Pictures must not appear; the answer is exactly the lines from the one that holds "Scar Revision Before" through the end of the material.

→ Information supplied:
*-*-*

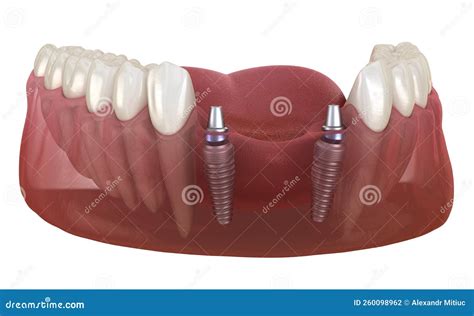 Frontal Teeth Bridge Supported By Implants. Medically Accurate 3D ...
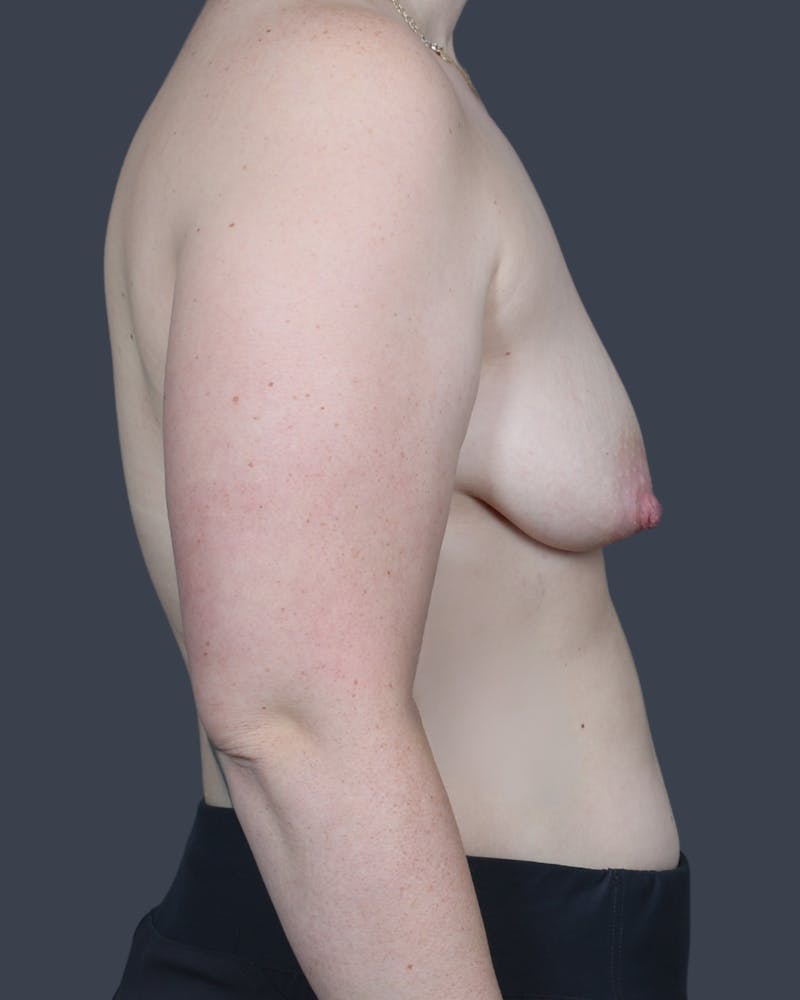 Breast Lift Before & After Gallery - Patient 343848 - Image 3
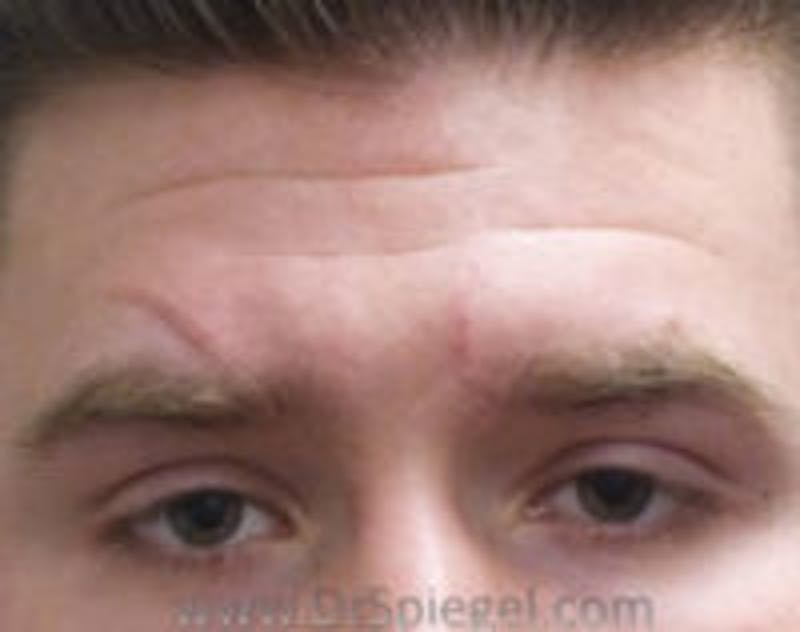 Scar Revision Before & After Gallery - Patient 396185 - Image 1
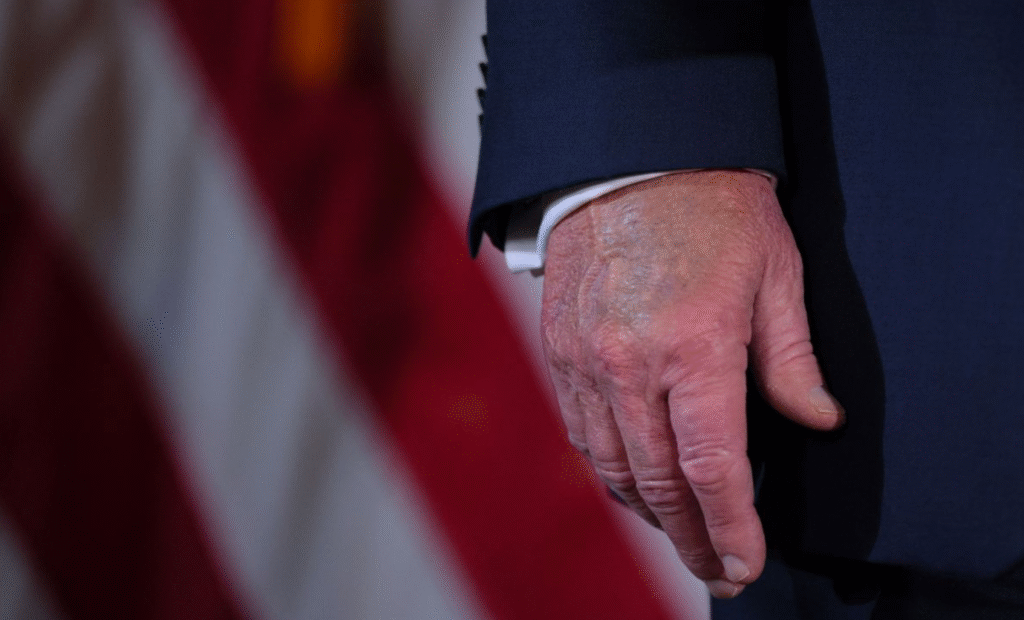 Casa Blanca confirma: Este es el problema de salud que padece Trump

*-*-*

→ Response to this exercise:
 Scar Revision Before & After Gallery - Patient 396185 - Image 1
 Casa Blanca confirma: Este es el problema de salud que padece Trump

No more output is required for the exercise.